Asymptotic behaviour of Hilbert space operators with applications

TL;DR

This dissertation explores the asymptotic behavior of power-bounded Hilbert space operators, providing characterizations, generalizations of classical theorems, and insights into their structural properties and applications.

Contribution

It offers new characterizations of asymptotic operators, generalizes Sz.-Nagy's similarity theorem, and investigates cyclic properties of weighted shift operators on directed trees.

Findings

Characterization of asymptotic operators

Generalization of Sz.-Nagy's similarity theorem

Results on cyclic properties of weighted shift operators

Abstract

This dissertation summarizes my investigations in operator theory during my PhD studies. The first chapter is an introduction to that field of operator theory which was developed by B. Sz.-Nagy and C. Foias, the theory of power-bounded Hilbert space operators.

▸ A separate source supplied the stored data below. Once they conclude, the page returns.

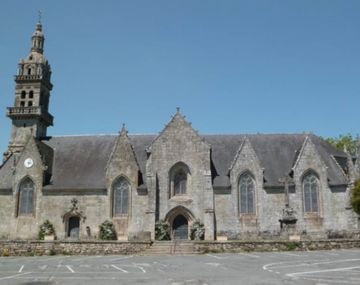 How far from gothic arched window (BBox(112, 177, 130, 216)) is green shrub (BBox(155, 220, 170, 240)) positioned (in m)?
3.23

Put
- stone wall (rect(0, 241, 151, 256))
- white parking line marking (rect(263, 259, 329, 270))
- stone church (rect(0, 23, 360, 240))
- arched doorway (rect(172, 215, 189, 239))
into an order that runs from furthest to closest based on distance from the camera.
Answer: arched doorway (rect(172, 215, 189, 239)), stone church (rect(0, 23, 360, 240)), stone wall (rect(0, 241, 151, 256)), white parking line marking (rect(263, 259, 329, 270))

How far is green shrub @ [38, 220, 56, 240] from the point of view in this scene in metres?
33.0

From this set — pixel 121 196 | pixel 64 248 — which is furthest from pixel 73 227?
pixel 64 248

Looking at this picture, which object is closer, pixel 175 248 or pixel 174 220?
pixel 175 248

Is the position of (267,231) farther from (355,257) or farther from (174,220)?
(355,257)

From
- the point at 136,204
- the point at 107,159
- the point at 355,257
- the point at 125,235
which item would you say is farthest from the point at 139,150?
the point at 355,257

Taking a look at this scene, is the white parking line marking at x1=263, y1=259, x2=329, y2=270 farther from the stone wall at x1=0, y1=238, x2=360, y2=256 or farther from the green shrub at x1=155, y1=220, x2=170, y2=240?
the green shrub at x1=155, y1=220, x2=170, y2=240

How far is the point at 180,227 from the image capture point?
3366cm

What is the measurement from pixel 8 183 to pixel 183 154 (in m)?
14.8

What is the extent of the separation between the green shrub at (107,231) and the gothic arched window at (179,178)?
555cm

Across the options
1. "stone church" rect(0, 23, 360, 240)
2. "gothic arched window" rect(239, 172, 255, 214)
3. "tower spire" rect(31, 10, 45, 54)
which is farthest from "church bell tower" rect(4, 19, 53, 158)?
"gothic arched window" rect(239, 172, 255, 214)

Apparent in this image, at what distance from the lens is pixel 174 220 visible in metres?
33.7

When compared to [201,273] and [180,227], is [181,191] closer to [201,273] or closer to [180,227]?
[180,227]

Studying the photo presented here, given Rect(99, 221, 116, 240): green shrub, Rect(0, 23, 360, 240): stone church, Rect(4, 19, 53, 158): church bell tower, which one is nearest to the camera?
Rect(99, 221, 116, 240): green shrub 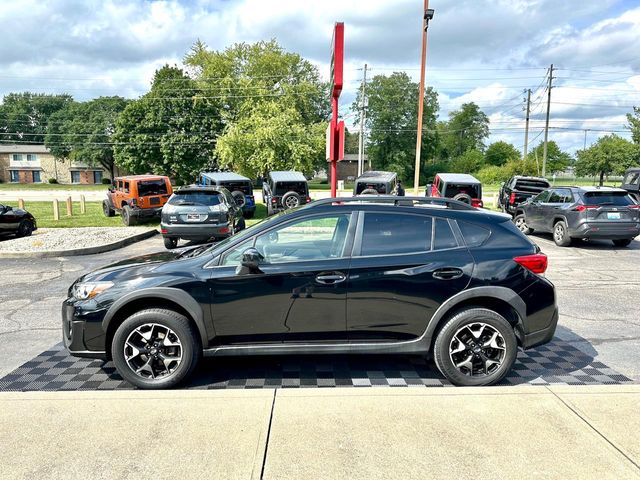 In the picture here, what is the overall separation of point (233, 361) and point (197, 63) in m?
57.8

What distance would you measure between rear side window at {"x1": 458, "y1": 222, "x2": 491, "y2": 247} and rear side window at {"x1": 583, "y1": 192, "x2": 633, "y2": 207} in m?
9.36

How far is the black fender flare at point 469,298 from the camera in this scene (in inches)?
152

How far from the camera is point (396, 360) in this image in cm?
457

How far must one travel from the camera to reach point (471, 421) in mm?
3221

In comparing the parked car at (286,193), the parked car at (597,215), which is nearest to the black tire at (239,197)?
the parked car at (286,193)

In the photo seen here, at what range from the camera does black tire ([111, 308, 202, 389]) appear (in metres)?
3.80

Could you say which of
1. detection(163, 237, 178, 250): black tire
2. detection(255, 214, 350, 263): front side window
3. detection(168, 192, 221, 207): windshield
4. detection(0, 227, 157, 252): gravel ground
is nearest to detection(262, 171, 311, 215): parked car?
detection(0, 227, 157, 252): gravel ground

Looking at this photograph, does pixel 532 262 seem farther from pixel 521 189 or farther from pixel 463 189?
pixel 521 189

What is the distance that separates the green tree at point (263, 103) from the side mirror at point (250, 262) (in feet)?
120

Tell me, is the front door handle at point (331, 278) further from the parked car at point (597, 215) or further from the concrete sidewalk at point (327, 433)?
the parked car at point (597, 215)

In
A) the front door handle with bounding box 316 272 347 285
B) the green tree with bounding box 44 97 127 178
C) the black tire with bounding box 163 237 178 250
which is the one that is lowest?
the black tire with bounding box 163 237 178 250

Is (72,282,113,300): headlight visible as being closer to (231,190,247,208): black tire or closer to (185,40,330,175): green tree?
(231,190,247,208): black tire

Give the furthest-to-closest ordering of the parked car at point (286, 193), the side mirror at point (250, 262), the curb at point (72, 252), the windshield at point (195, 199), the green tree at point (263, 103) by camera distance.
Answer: the green tree at point (263, 103)
the parked car at point (286, 193)
the windshield at point (195, 199)
the curb at point (72, 252)
the side mirror at point (250, 262)

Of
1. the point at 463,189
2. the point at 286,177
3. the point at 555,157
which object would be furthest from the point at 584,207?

In the second and third chapter I characterize operators which arise from power-bounded operators asymptotically. Chapter 4 is devoted to provide a possible generalization of (the necessity part of) Sz.-Nagy's famous similarity theorem. In Chapter 5 I collected my results concerning the commutant mapping of asymptotically non-vanishing contractions. In the final chapter the reader can find results about cyclic properties of weighted shift operators on directed trees.